Mobile-oriented models for decoding swipe gestures into text.

Swipe decode of the word 'computer'

See the paper (coming soon) for more details.

Models

This repository contains 3 CNN models that compose together. Only the encoder is required. The decoder and language model are additional refinements, leveraging specific layout and language information. The encoder can decode for any keyboard layout, while the decoder is English/QWERTY-only and the language model is English-only.

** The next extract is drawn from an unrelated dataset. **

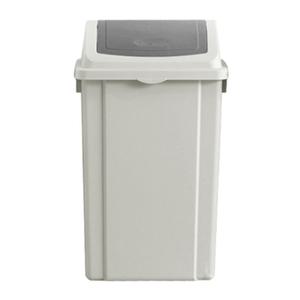 창신)국민휴지통 50L(푸쉬형/440x310x715mm)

Model Codename Role Params Size (fp32)
Encoder honorable_sturgeon Maps a swipe trajectory to per-timestep character emissions. Layout-agnostic β€” works on any keyboard supplied at runtime. 635 K 2.65 MB
Decoder magic_macaw (Optional) per-layout refinement over the encoder's frozen features. Lifts top-k where layout-specific training data exists (English here). 304 K 1.25 MB
Context LM hungry_jellyfish (Optional) next-word and beam-rerank language model that blends sentence context into candidate ranking. 1.5M 6.25 MB

Encoder β€” honorable_sturgeon

A 1D temporal convolutional network (TCN) reads the raw (x, y) touch trajectory and emits a 64-coefficient spectral pattern and a scalar "intention" gate for each timestep. Per-key character scores are read off by evaluating a fixed cosine (DCT) basis at the layout key centers. Switching layouts on device requires no retraining, just a different key-coordinate tensor.

Decoder (English/QWERTY) β€” magic_macaw

A small DFSMN decoder over the frozen encoder features. It refines the character distribution on specific layouts. Currently we only have data for training an English/QWERTY decoder.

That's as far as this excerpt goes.